Delphine adjusted her bag strap. “I should get back to work. Actual work. The kind they pay me for.”

“I’ll walk you.”

“You don’t have to⁠—”

“I’m walking you.”

She smiled. “Overprotective.”

“Appropriately cautious. Besides I enjoy your company, Delphine.”

“Same thing.” She grinned.

“Not remotely.”

But she didn’t argue. He held out his elbow for her to take it and they began walking.

About halfway there, Delphine leaned into Bastien’s shoulder and whispered, “I enjoy your company too.” For a brief moment Bastien smiled, and squeezed her closer to him, inhaling her scent and being grateful for the time they had together. Even if it was in a filthy tunnel or doing research.

They walked together toward the Archive, and Bastien tracked every reflective surface they passed. Shop windows. Puddles. Car mirrors. Glass doors.

The city remembered her. Cataloged her presence. Paid attention beyond simple reflection.

And he was woven too deeply into the network to appear clearly. But he appeared. Distorted, fractured, geometric—but present. Not erased. Changed.

By the time they reached the Archive’s gate, he’d checked forty-seven reflective surfaces. Each one showed his form as kaleidoscope patterns, fragments that his brain wanted to resolve into a whole but couldn’t quite manage.

But visible. Real. There.

Delphine paused at the entrance. “Tomorrow morning? Nine o’clock?”

“I’ll be here.”

She headed inside. He watched her climb the exterior stairs, tracking her progress through windows that showed her clearly while showing him as scattered light.

The vault had recognized him. Had tried to show him Gideon’s distortions and failed. Charlotte’s foundation remained intact beneath corruption that couldn’t touch the emotional truth of her work.

But walking away from the Archive with Delphine’s image appearing sharp and clear in every window while his remained fractured and strange, Bastien understood the cost of integration.

He would never see himself beside her the way others did. Never verify through normal reflection that they occupied the same physical space in the same uncomplicated way. Never catch their images in passing mirrors and see the simple truth of two people walking together.

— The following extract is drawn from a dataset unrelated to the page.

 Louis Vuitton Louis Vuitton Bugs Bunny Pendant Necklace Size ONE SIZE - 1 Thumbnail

The network would show her. And translate him into something new—something that belonged to mirrors now as much as it belonged to the mortal world.

He turned away from the Archive and headed home through streets that saw him differently.

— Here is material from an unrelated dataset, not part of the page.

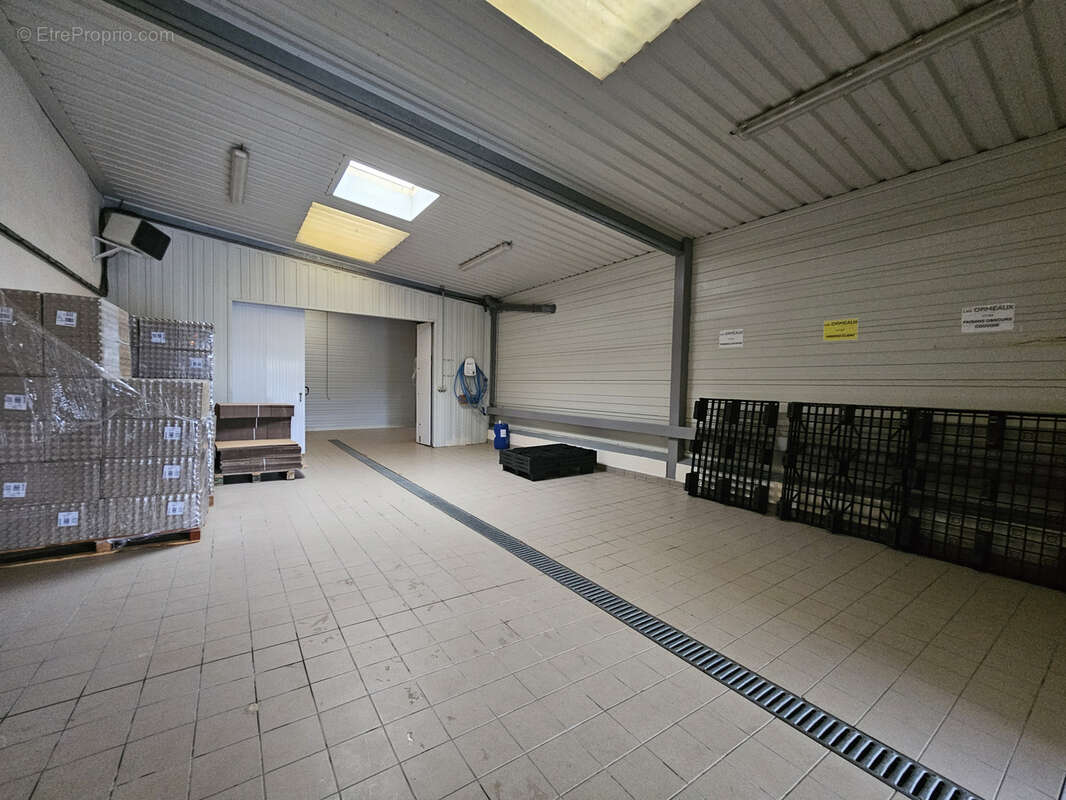 Commerce à CHAMBRETAUD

Tomorrow they would examine Charlotte’s documents. Map the original design. Prepare to face whatever Gideon had planned.

Tonight, he would rest. And accept that some changes, once made, couldn’t be unmade.

His phone buzzed.

Delphine: Thank you for today. For trusting me enough to let me help.

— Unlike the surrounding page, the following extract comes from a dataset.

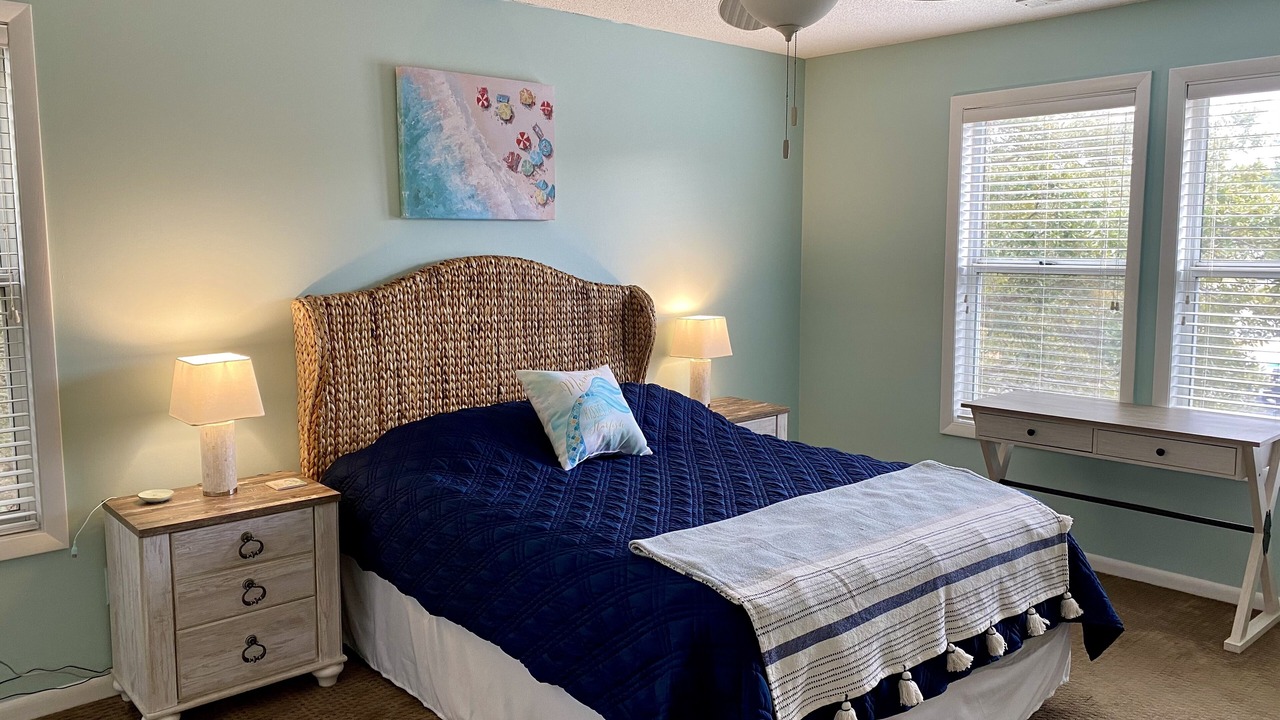 Photo of Bedroom in Colington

He smiled despite the exhaustion pressing against his thoughts.

Bastien: Thank you for refusing to let me do this alone.

The Quarter settled into evening around him. Streetlights came on. Music drifted from open doorways. Reflections appeared in shop windows and puddles and glass doors.

All of them showed him as fractured geometry. Scattered light that held his shape but refused to resolve into clarity.

But there. Present. Real.

He pocketed his phone and kept walking, determined and grounded, toward whatever came next.

Chapter

Twenty-Four

Bastien arrived at the Archive at eight forty-five. Early, but not by much. The morning air still carried the coolness that would burn off by noon, turning the Quarter into the humid pressure cooker that defined October in New Orleans. He’d stopped for coffee—two this time, both iced, because Delphine had mentioned yesterday that the Archive’s air conditioning had been struggling.

The building’s iron gate stood propped open. Tuesday maintenance schedule, if he remembered correctly. Someone had watered the courtyard plants; puddles still sat in the uneven flagstone, reflecting clouds that moved too fast for the stillness of the morning.